3.2 Person Images: The Chicago Face Database (CFD)

The CFD [38] is a free resourceFootnote 9 consisting of 597 high-resolution, standardized images of diverse individuals between the ages of 18 and 40 years (see Table 1). It is designed to facilitate research on a range of psychological phenomena (e.g., stereotyping and prejudice, interpersonal attraction). Therefore, it provides extensive data about the depicted individuals (see Fig. 1 for examples). The database includes both subjective norming data and objective physical measurements (e.g., nose length/width), on the pictures.Footnote 10 At least 30 independent judges, balanced by race and gender, evaluated each CFD image.Footnote 11 The questions for the subjective norming data were posed as follows: “Now, consider the person pictured above and rate him/her with respect to other people of the same race and gender. For example, if the person was Asian and male, consider this person on the following traits relative to other Asian males in the United States. - Attractive (1–7 Likert, 1 = Not at all; 7 = Extremely)”. Fifteen additional traits were evaluated, including Babyface, Dominant, Trustworthy, Feminine, and Masculine.
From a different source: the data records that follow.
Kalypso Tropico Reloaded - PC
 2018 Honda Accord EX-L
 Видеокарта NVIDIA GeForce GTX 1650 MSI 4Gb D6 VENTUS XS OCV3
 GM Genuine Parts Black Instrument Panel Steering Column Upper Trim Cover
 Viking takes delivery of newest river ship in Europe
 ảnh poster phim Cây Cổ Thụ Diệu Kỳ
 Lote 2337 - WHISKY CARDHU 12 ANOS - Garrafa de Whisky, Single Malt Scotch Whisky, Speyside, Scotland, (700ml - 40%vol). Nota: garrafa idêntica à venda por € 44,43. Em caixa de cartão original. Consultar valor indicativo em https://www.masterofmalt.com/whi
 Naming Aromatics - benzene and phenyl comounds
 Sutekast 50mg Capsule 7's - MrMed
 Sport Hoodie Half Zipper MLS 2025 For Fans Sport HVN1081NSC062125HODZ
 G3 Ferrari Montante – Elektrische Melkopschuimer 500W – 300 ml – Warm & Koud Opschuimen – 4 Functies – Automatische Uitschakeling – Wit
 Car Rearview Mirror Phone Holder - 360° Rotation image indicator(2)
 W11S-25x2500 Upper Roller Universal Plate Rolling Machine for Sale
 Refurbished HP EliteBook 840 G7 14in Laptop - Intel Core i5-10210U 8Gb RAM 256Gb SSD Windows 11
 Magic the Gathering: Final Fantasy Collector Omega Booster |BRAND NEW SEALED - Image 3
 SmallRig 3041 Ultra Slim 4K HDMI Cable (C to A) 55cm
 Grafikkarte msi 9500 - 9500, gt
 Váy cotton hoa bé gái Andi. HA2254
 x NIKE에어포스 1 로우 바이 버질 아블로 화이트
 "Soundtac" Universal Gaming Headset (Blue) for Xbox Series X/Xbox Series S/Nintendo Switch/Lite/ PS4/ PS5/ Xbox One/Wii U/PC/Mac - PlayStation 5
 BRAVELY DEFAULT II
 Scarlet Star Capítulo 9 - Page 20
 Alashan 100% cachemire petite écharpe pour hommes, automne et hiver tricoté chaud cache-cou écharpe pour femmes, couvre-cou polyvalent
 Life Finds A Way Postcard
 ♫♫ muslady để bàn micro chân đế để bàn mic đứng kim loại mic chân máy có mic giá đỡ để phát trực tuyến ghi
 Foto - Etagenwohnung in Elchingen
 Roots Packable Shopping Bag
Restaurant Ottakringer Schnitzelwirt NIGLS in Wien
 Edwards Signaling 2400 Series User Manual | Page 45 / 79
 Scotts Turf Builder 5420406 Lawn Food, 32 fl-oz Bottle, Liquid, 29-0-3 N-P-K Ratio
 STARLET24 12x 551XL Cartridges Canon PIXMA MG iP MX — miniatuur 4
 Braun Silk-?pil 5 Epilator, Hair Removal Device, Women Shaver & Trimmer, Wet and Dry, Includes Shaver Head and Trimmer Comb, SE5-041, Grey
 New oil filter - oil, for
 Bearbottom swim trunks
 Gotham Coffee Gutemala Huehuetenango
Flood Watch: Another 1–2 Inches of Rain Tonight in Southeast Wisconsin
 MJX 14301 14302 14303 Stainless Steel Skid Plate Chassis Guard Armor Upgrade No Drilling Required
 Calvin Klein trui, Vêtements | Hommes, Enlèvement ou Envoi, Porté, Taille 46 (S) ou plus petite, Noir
Table 1. Mean/median attractiveness of depicted individuals.

For our purposes, a significant benefit of using the CFD is that the individuals are depicted in a similar, neutral manner; if we were to evaluate images of people collected “in the wild”, we would have images from a variety of contexts with varying qualities. In other words, using the CFD enables us to study the behavior of the tagging algorithms in a controlled manner.

3.3 Producing and Analyzing Image Tags

The CFD images were uploaded as input to each API. Table 2 summarizes the total number of tags output by each algorithm, the unique tags used and the most frequently used tags by each algorithm. For all taggers other than Imagga, we do not observe subjective tags concerning physical appearance amongst the most common tags. However, it is interesting to note the frequent use of tags that are interpretive in nature; for instance, Watson often labels people as being “actors” whereas both Microsoft and Watson frequently interpret the age group of depicted persons (e.g., “young,” “adult”). Imagga’s behavior clearly deviates from the other taggers, in that three of its most frequent tags refer to appearance/attractiveness.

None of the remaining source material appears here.